Before: Doctoroff, C.J., and Corrigan and R.J. Danhof,* JJ.
PER CURIAM.
Defendant appeals as of right from an order denying his motion for a new trial on remand. The
trial court found that defendant was not prejudiced by the prosecution’s failure to produce a police
report in accordance with a previous discovery order. We affirm.
Defendant was charged with assault with the intent to murder, MCL 750.83; MSA 28.278, and
possession of a firearm during the commission of a felony, MCL 750.227b; MSA 28.424(2), after he
admitted to police that he shot Jerome Cleaves. At trial, defendant argued that he acted in self-defense.

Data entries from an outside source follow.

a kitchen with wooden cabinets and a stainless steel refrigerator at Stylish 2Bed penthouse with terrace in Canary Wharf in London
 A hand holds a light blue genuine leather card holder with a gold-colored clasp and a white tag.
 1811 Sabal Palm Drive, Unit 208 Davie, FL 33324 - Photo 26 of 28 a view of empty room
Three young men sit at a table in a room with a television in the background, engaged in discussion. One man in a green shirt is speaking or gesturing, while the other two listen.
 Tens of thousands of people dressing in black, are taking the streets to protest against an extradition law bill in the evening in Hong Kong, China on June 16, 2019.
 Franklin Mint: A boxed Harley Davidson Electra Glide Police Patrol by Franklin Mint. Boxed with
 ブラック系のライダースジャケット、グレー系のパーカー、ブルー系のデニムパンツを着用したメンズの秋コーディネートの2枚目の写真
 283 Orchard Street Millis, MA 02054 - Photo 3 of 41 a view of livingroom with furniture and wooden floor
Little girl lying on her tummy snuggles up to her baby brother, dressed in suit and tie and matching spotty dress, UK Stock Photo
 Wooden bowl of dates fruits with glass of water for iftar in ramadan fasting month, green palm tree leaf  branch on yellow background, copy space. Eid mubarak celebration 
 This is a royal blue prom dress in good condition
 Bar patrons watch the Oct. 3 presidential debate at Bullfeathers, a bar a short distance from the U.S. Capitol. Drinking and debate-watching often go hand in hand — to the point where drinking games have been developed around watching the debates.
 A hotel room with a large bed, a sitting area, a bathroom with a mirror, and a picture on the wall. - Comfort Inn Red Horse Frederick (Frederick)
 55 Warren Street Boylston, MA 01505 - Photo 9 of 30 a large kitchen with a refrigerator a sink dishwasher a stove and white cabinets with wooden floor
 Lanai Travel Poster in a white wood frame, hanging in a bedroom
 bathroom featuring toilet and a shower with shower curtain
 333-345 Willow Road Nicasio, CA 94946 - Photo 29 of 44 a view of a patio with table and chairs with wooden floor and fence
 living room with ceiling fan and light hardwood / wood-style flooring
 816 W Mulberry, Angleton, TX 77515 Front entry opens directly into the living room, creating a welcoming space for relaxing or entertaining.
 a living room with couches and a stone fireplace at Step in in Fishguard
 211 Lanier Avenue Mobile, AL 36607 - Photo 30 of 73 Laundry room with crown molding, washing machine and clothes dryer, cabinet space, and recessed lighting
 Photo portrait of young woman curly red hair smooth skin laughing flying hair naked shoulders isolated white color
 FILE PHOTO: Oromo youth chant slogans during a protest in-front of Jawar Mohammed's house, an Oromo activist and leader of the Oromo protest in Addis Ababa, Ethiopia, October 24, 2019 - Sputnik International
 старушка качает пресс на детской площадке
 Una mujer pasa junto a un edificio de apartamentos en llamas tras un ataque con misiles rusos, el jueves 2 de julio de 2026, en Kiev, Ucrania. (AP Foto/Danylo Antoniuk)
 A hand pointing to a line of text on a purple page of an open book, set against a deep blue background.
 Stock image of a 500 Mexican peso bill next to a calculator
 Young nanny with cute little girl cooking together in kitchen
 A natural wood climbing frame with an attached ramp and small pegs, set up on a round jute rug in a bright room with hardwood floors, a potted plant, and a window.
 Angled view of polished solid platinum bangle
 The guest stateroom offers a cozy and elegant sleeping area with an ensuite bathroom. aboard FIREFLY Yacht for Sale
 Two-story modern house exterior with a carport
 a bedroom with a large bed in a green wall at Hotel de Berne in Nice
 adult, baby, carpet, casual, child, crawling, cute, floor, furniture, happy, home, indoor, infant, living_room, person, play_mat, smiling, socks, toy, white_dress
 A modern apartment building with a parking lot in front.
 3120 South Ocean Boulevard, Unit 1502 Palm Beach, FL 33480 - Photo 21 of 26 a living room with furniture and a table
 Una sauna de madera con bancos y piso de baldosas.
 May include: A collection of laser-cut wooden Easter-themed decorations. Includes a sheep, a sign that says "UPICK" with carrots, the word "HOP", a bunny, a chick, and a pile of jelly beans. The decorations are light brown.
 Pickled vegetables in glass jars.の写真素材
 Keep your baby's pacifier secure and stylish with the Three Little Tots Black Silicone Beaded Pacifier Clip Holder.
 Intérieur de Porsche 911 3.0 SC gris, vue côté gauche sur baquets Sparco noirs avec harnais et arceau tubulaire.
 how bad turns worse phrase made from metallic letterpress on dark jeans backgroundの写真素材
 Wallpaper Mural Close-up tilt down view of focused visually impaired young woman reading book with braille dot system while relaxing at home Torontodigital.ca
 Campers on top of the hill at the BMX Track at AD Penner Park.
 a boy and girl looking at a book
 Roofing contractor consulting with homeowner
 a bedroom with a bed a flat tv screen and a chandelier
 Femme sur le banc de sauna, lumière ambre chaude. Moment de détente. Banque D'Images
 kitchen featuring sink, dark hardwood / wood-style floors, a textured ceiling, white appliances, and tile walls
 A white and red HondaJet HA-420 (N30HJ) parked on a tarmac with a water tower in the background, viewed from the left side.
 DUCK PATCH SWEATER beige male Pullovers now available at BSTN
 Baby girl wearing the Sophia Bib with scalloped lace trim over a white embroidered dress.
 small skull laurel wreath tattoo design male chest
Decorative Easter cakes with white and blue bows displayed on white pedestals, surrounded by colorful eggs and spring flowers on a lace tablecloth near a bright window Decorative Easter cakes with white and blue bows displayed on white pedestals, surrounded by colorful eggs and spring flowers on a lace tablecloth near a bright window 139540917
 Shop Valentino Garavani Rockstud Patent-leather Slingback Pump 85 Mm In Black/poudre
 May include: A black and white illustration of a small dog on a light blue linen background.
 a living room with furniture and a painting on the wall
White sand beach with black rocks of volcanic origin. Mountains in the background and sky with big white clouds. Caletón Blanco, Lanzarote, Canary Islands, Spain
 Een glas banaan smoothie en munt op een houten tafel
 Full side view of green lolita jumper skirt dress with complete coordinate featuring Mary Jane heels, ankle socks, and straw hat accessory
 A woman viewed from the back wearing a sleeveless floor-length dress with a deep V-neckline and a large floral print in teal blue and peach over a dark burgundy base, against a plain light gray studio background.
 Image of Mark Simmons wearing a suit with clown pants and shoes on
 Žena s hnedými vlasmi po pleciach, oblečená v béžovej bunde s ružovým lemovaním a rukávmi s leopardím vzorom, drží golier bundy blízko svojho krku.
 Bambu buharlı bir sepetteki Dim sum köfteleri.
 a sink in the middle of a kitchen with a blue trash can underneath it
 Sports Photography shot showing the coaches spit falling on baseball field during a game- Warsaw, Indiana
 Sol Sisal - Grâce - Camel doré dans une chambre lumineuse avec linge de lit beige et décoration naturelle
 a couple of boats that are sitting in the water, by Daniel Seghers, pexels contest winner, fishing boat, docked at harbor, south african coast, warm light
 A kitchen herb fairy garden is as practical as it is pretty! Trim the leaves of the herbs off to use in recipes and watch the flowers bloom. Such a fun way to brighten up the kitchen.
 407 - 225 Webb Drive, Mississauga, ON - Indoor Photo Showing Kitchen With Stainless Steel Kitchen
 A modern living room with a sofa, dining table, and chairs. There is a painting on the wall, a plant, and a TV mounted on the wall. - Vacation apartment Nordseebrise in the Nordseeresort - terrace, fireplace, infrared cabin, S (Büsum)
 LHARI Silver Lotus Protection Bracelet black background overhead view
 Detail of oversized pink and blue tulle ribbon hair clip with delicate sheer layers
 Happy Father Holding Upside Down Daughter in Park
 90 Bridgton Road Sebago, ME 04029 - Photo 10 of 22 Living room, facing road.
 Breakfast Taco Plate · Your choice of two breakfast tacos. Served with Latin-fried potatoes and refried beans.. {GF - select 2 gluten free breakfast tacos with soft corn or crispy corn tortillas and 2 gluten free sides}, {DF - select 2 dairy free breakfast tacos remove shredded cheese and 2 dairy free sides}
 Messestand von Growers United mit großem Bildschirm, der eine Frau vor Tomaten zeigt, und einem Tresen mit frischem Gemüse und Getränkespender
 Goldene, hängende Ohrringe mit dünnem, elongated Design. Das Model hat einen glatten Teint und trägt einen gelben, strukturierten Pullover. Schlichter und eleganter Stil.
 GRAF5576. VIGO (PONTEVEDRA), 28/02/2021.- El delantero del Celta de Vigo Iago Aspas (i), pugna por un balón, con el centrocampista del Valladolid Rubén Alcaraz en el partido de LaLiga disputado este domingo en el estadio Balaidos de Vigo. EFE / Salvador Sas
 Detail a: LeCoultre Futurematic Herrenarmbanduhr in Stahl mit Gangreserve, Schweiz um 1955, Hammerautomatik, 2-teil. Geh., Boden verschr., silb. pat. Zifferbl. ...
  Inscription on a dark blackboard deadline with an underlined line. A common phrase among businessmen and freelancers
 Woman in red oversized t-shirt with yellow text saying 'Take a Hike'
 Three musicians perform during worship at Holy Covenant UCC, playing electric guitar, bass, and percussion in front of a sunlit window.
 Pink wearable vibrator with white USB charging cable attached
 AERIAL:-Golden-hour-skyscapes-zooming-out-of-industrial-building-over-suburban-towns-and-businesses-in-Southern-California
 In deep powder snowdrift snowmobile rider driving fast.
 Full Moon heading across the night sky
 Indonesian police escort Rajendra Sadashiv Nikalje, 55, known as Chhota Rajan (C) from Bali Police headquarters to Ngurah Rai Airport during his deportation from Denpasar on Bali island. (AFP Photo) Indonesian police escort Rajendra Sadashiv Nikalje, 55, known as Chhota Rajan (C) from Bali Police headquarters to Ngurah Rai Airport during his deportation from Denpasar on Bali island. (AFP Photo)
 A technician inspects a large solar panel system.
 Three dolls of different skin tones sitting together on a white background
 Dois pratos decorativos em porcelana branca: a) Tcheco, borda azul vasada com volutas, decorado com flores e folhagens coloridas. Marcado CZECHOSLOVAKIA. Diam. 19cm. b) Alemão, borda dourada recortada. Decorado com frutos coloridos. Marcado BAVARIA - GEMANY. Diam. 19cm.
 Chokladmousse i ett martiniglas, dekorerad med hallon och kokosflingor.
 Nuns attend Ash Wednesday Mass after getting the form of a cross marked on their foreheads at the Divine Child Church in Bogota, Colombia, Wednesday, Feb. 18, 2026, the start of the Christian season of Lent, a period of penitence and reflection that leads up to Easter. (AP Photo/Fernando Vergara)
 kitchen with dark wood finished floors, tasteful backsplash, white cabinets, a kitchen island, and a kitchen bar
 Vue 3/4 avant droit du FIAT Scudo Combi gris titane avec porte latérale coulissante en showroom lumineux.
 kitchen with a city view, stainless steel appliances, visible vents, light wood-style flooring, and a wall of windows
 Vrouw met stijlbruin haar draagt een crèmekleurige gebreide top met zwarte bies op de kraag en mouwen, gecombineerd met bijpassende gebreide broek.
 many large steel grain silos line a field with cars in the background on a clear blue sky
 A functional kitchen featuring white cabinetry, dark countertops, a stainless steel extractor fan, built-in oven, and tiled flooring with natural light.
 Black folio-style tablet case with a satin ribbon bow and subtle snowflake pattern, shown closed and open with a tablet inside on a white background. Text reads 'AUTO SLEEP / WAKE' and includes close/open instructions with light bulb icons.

In support of that position, defendant introduced evidence that he had been receiving death threats from
Cleaves, which he honestly and reasonably believed were not idle because he had witnessed Cleaves
shoot another person, Troy Chapman, approximately ten months earlier. Defendant called Chapman as
a witness at trial and Chapman confirmed that defendant was present when Cleaves shot Chapman.
During cross-examination, the prosecution referred to a police report that Chapman filed in 1990. The
defense had requested the police report during pretrial discovery, but it was not produced by the
prosecution.
In a previous appeal, this Court determined that the prosecution’s failure to produce the police
report violated a pretrial discovery order and remanded the case to the trial court to determine whether
defendant suffered any prejudice. On remand, the trial court found no prejudice and denied defendant’s
motion for a new trial. We affirm that decision.
* Former Court of Appeals judge, sitting on the Court of Appeals by assignment.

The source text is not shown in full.